La langue, l’âme, et le vrai sujet: le cadre
À Saint-Étienne, on adore les débats qui dépassent le terrain. C’est parfois brillant, parfois épuisant, souvent les deux. Ces derniers jours, la question de la langue a pris toute la place: faut-il parler français, anglais, les deux, ou un dialecte secret réservé aux causeries d’avant-match? Le sujet est réel, mais il sert surtout de loupe. Et une loupe, ça grossit. Ça déforme aussi.
La bascule entre l’ère Horneland et l’arrivée de Philippe Montanier ne se résume pas à une histoire de vocabulaire. D’ailleurs, croire qu’un vestiaire se transforme parce qu’on a remplacé “go go go” par “allez les gars”, c’est donner au football un côté baguette magique qu’il n’a pas. La différence la plus visible, aujourd’hui, c’est le cadre. Un cadre plus clair. Plus sécurisant. Et, surtout, plus adapté à une Ligue 2 qui ne pardonne pas l’approximation émotionnelle.

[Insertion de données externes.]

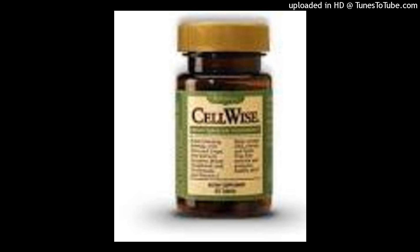Which major systems and organs does CellWise help protect? CellWise provides natural defense on a cellular level for all your major systems and organs, including your heart, muscles, skin, digestive system, vision, brain, and DNA.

Horneland a laissé une trace paradoxale. Sur certaines séquences offensives, l’équipe a montré des combinaisons rapides, des enchaînements à une touche, des actions qui donnaient l’impression d’un football plus moderne, plus libéré. Ce n’est pas un fantasme: on l’a vu. Mais le football n’est pas une compilation de highlights. Il est une addition de moments ordinaires. Et c’est souvent dans l’ordinaire que l’ASSE s’est fissurée: gestion des temps faibles, équilibre défensif, capacité à renverser un match quand le scénario se retourne, et surtout constance dans l’investissement collectif.
Montanier, lui, n’a pas débarqué pour écrire une thèse. Il est arrivé pour remettre l’équipe sur des rails. Et il l’a fait avec une méthode qui ressemble à du bon sens, ce truc qu’on méprise parfois parce qu’il n’a pas de packaging. Moins de dogme, plus d’ajustements. Moins de promesses, plus de repères. Résultat: l’ASSE paraît plus cohérente, plus stable, et paradoxalement plus dangereuse, parce qu’elle sait mieux quand accélérer et quand respirer.
La question de la langue, dans tout ça, reste un paramètre, pas une cause unique. Dans un vestiaire cosmopolite, l’anglais est un outil évident, mais il n’est pas une garantie. Et le français, même s’il facilite l’intégration locale et la relation au public, ne suffit pas à fabriquer un collectif. Un collectif se fabrique avec des règles simples, répétées, assumées. Avec une hiérarchie lisible. Avec des exigences quotidiennes. Et avec une communication qui n’est pas seulement une question de mots, mais de clarté et de timing. Dire la bonne chose au bon moment, dans n’importe quelle langue, vaut mieux que dire une belle chose trop tard.
Il y a aussi un autre élément, plus discret, mais probablement déterminant: la professionnalisation du quotidien. Quand un club découvre, en cours de saison, qu’il faut mieux préparer les matches, mieux étudier l’adversaire, mieux encadrer certains comportements, ce n’est pas une anecdote. C’est un symptôme. Et ce symptôme explique beaucoup de choses: l’irrégularité, les trous d’air, cette impression que l’équipe pouvait se dissoudre dès que le match devenait sale. Montanier n’a pas tout réglé, mais il a remis de l’ordre. Et l’ordre, en Ligue 2, c’est souvent le premier pas vers la montée.
Alors oui, l’identité compte. Oui, Saint-Étienne n’est pas un club neutre, et l’attachement aux joueurs ne se décrète pas. Mais l’attachement naît rarement d’un passeport ou d’un accent. Il naît d’une chose très simple: la répétition des émotions partagées. Les joueurs qui restent, qui traversent les tempêtes, qui reviennent après les échecs, finissent par devenir “de la maison” même s’ils viennent de loin. Et c’est peut-être là que l’ASSE a une carte à jouer: construire un vestiaire international, mais pas jetable. Un vestiaire où l’on ne survole pas le club. Un vestiaire où l’on le vit.
Le bilan d’Horneland, lui, mérite mieux que le procès permanent ou l’hagiographie. Il a échoué, c’est un fait. Mais il a aussi apporté des choses, notamment dans l’animation offensive et dans la progression de certains joueurs. Simplement, à Saint-Étienne, à ce moment précis, avec ce contexte précis, il manquait une pièce essentielle: la capacité à transformer une somme d’individualités en équipe stable. Montanier, pour l’instant, a remis cette pièce au centre. Et c’est pour ça que l’air paraît plus respirable.